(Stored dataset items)
◆ ◆ ◆ ◆ ◆ ◆ ◆

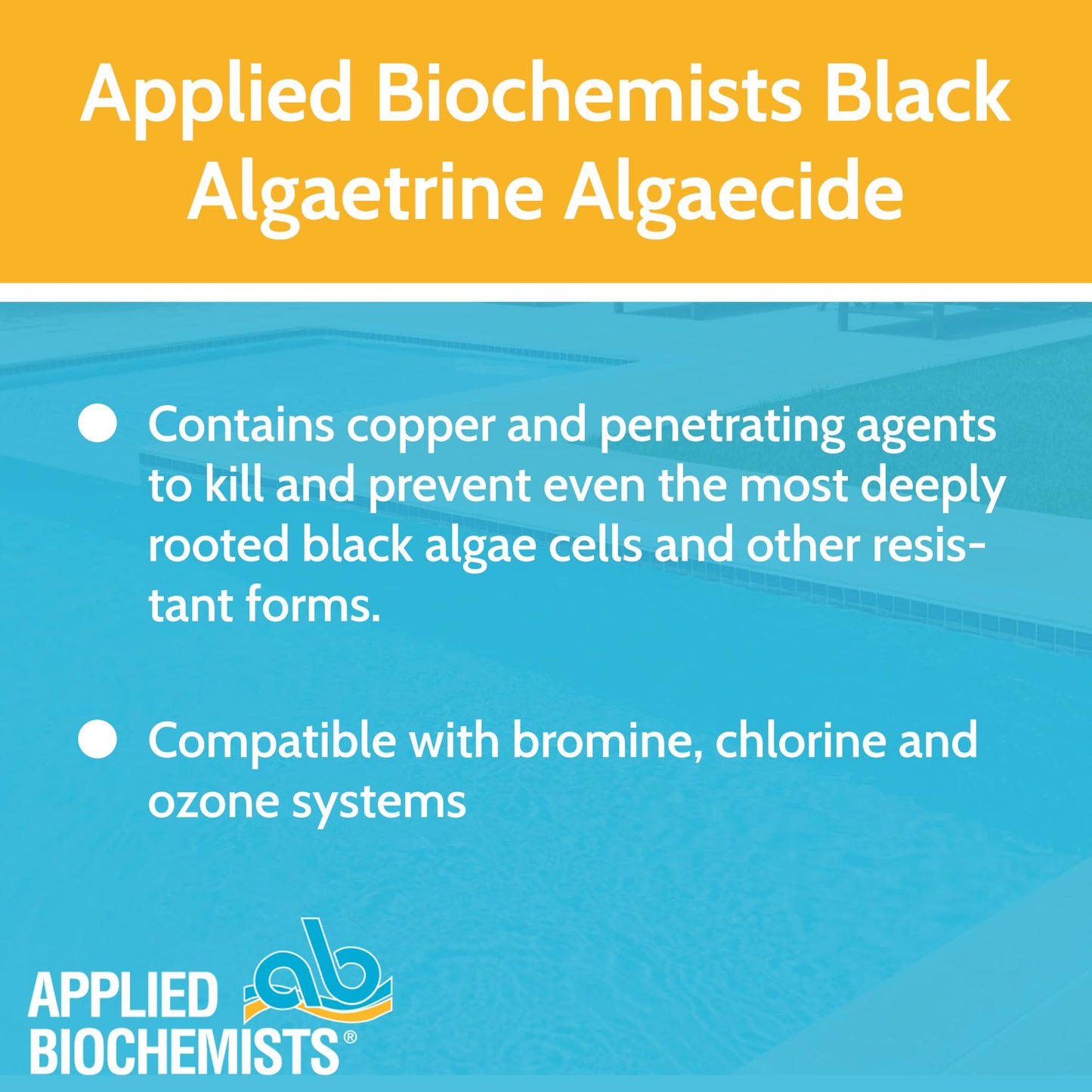 Applied Biochemists 406303A Black Algaetrine Swimming Pool Algaecide & Deposit Control, 32 fl oz, White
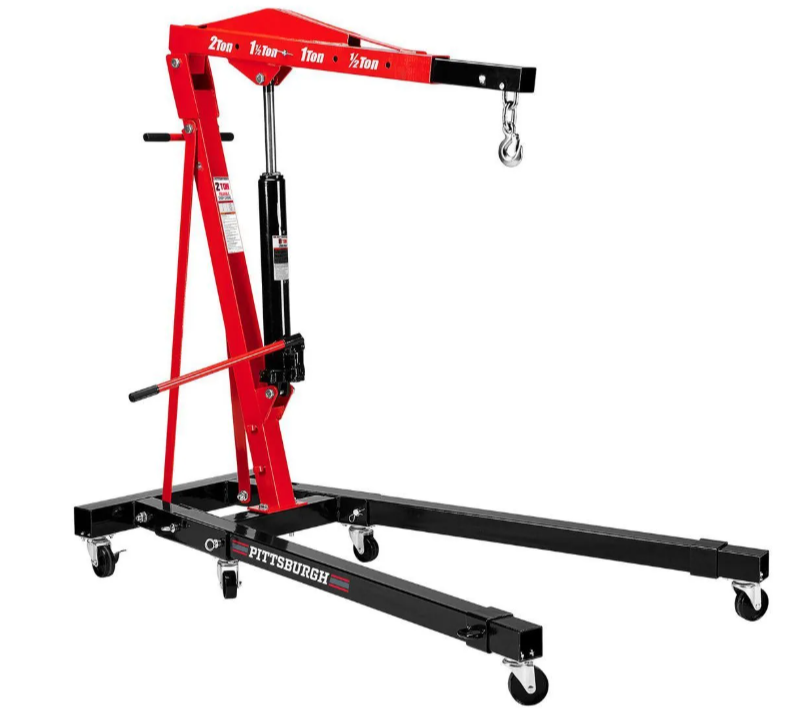 2-ton hydraulic engine hoist with adjustable boom and lifting hook, available for rent at McKinleyville Ace Home & Garden Center.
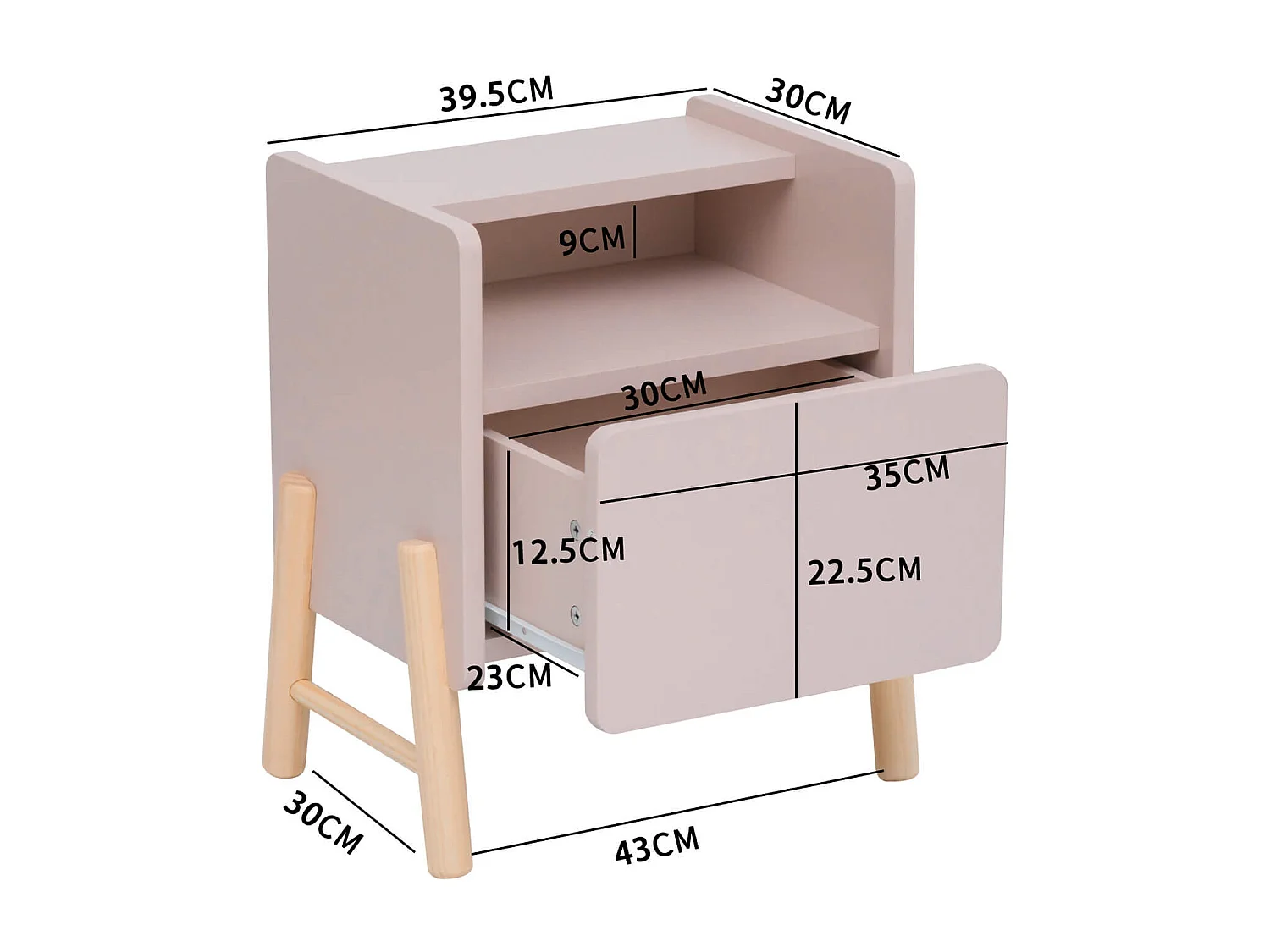 Table de chevet pour enfants Rasam 49x40x30 MDF Pin Rose Marron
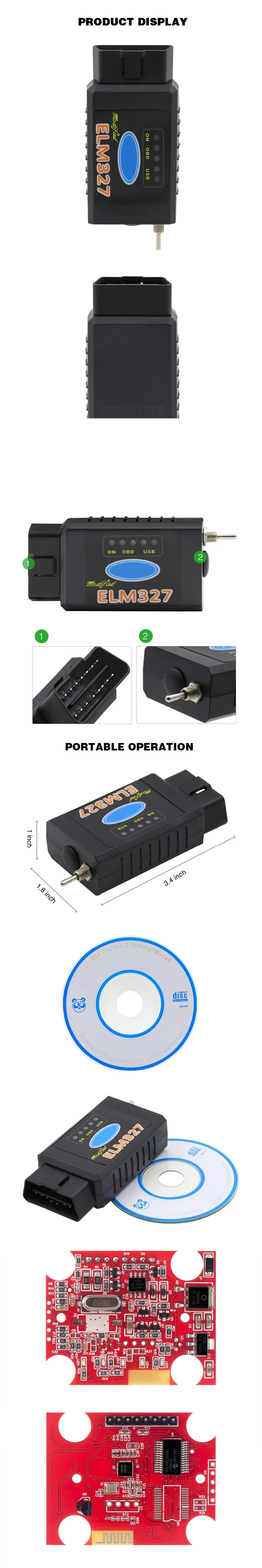 PIC1825K80 ELM327 USB V1.5 для Ford чип FTDI с переключателем HS/MS может для Forscan автомобильный диагностический инструмент& ELM327 версия Bluetooth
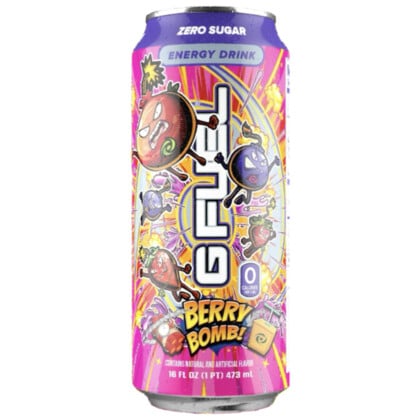 G FUEL Zero Sugar Energy Drink - Berry Bomb - Strawberry & Blueberry (473ml)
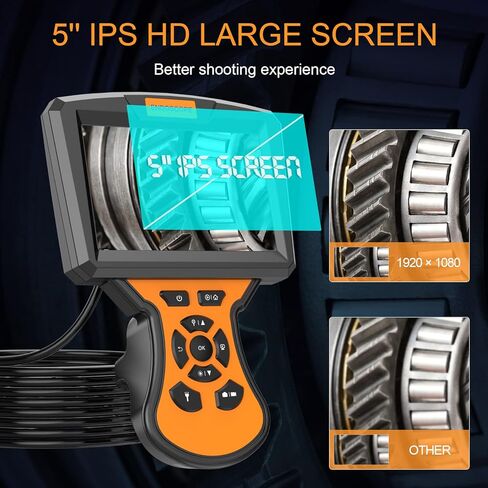 كاميرا فحص ثعبان بعدسات مزدوجة 5 انش مع ضوء 1080P للسيارات مع مسبار مرن مقاوم للماء بطول 16.4 قدم، 7 مصابيح LED، مصباح يدوي، 32GB، تكبير لانابيب الصرف الصحي من شاويير in Kuwait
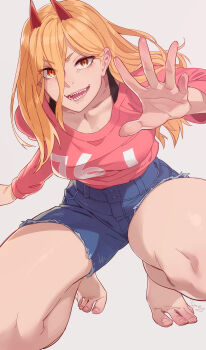 Rule 34 | 1girl, artist name, barefoot, blue shorts, breasts, chainsaw man, collarbone, commentary, demon horns, english commentary, eyelashes, feet, feguimel, grey background, hair between eyes, highres, horns, long hair, looking at viewer, open mouth, orange hair, pink shirt, power (chainsaw man), red horns, sharp teeth, shirt, short shorts, shorts, signature, simple background, small breasts, solo, squatting, symbol-shaped pupils, teeth, thighs, tiptoes, toenails, toes, v-shaped eyebrows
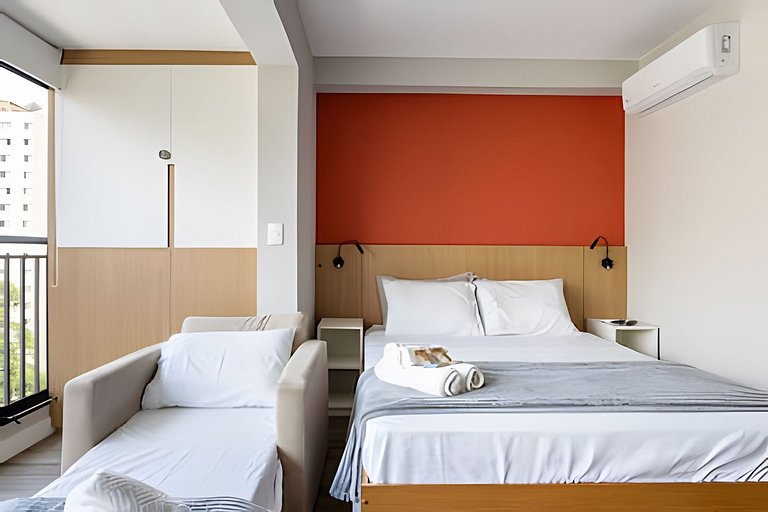 Campo Belo: Apto Lindo e Completo • Até 3 Pessoas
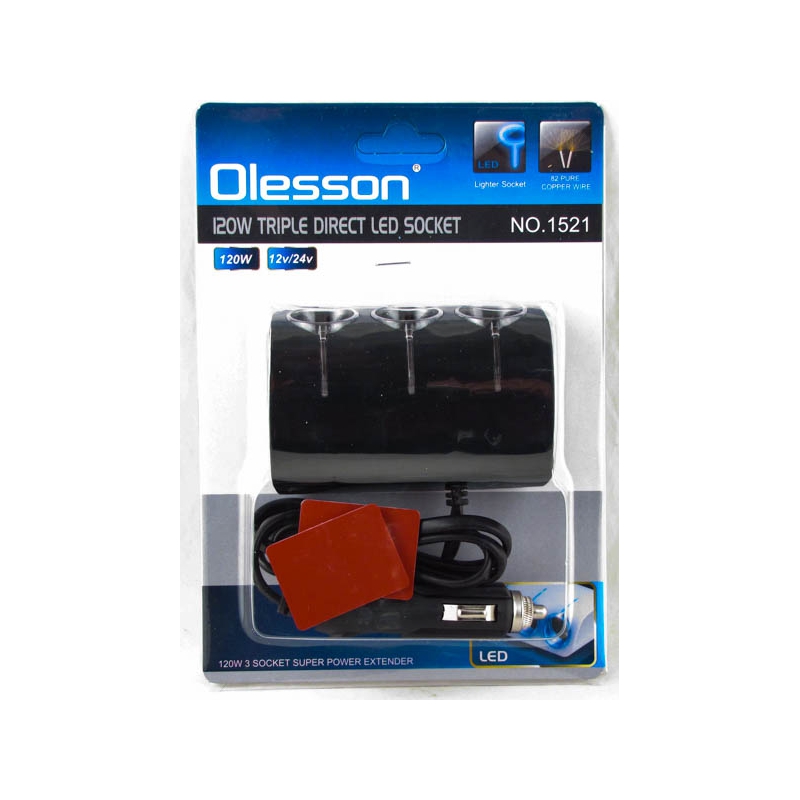 Разветвитель прикурив. (3 вых.) 1521 авто Olesson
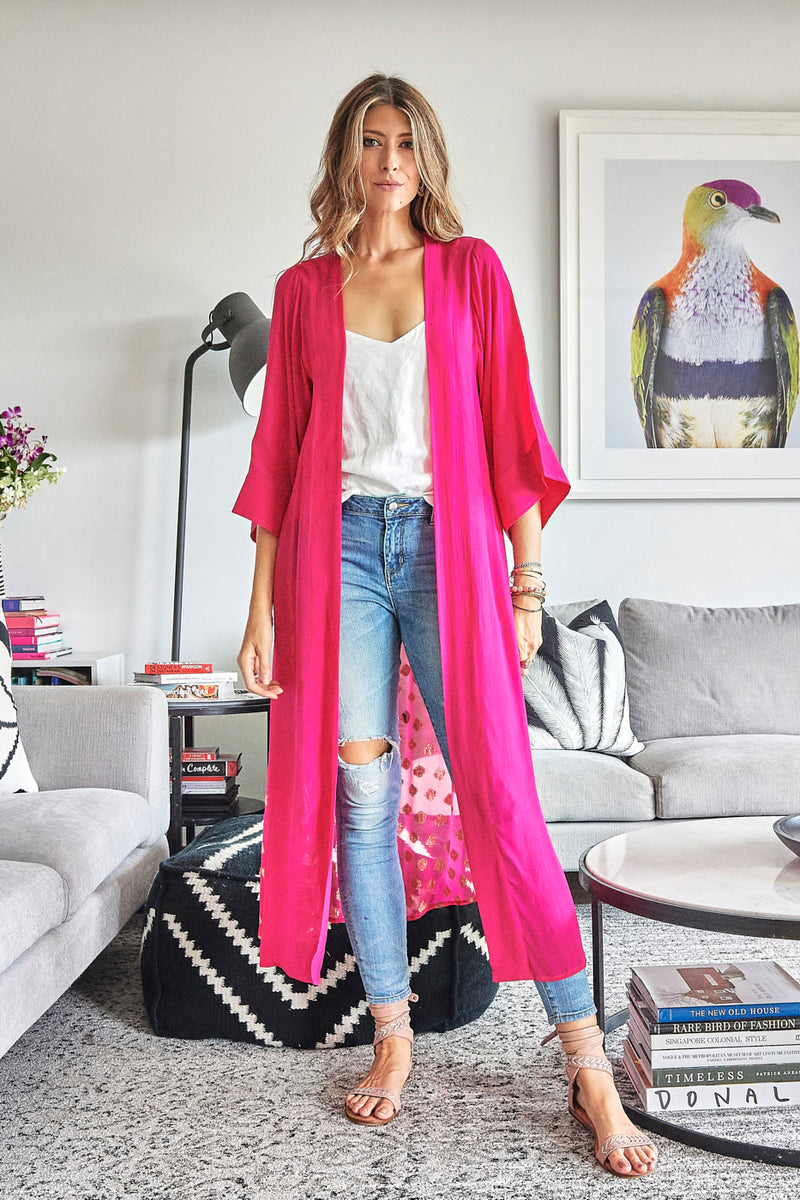 HOT PINK TWO-TONE KIMONO DUSTER – Sanskrit Fashion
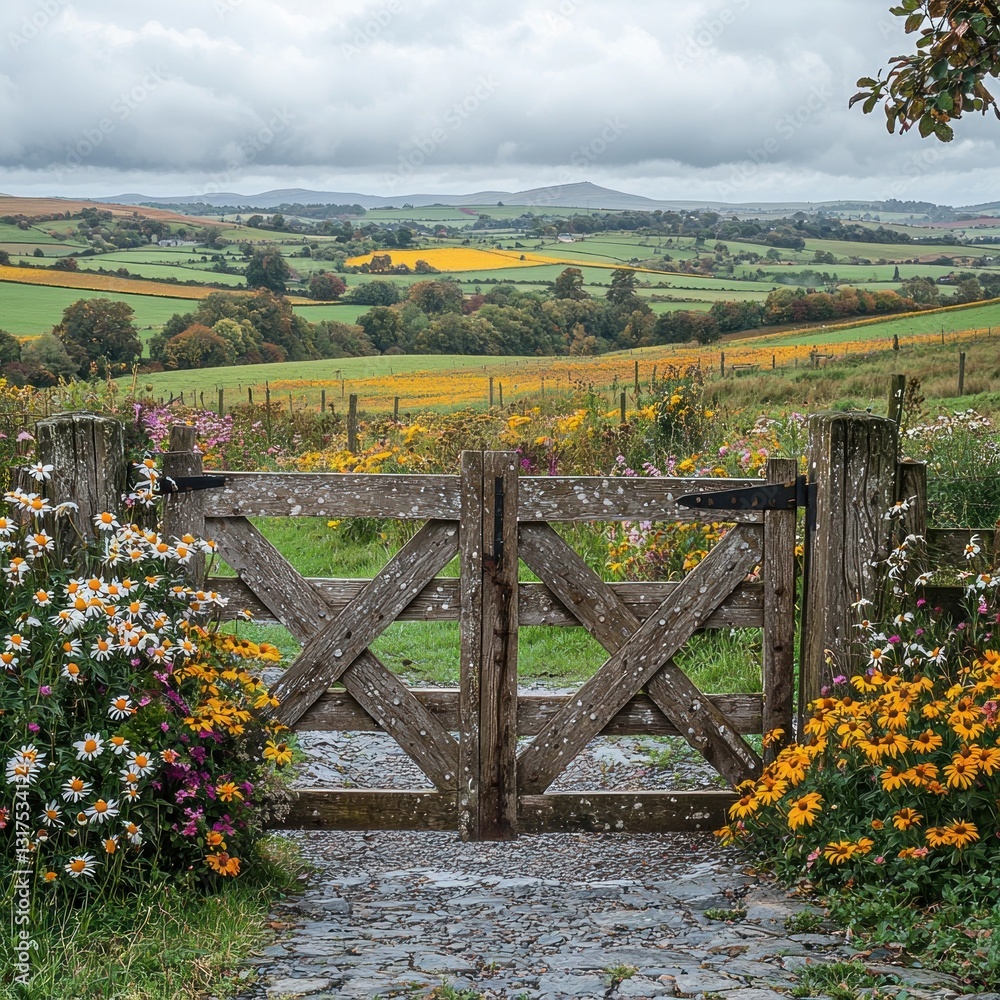 Fototapeta premium Rural landscape Wooden gate frames flowers overlooking rolling hills under a cloudy sky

◆ ◆ ◆ ◆ ◆ ◆ ◆

## [EXERCISE]
Since only the text is needed, retype the data above exactly and omit the pictures.

## [SOLUTION TO THE EXERCISE]
 Applied Biochemists 406303A Black Algaetrine Swimming Pool Algaecide & Deposit Control, 32 fl oz, White
 2-ton hydraulic engine hoist with adjustable boom and lifting hook, available for rent at McKinleyville Ace Home & Garden Center.
 Table de chevet pour enfants Rasam 49x40x30 MDF Pin Rose Marron
 PIC1825K80 ELM327 USB V1.5 для Ford чип FTDI с переключателем HS/MS может для Forscan автомобильный диагностический инструмент& ELM327 версия Bluetooth
 G FUEL Zero Sugar Energy Drink - Berry Bomb - Strawberry & Blueberry (473ml)
 كاميرا فحص ثعبان بعدسات مزدوجة 5 انش مع ضوء 1080P للسيارات مع مسبار مرن مقاوم للماء بطول 16.4 قدم، 7 مصابيح LED، مصباح يدوي، 32GB، تكبير لانابيب الصرف الصحي من شاويير in Kuwait
 Rule 34 | 1girl, artist name, barefoot, blue shorts, breasts, chainsaw man, collarbone, commentary, demon horns, english commentary, eyelashes, feet, feguimel, grey background, hair between eyes, highres, horns, long hair, looking at viewer, open mouth, orange hair, pink shirt, power (chainsaw man), red horns, sharp teeth, shirt, short shorts, shorts, signature, simple background, small breasts, solo, squatting, symbol-shaped pupils, teeth, thighs, tiptoes, toenails, toes, v-shaped eyebrows
 Campo Belo: Apto Lindo e Completo • Até 3 Pessoas
 Разветвитель прикурив. (3 вых.) 1521 авто Olesson
 HOT PINK TWO-TONE KIMONO DUSTER – Sanskrit Fashion
 Fototapeta premium Rural landscape Wooden gate frames flowers overlooking rolling hills under a cloudy sky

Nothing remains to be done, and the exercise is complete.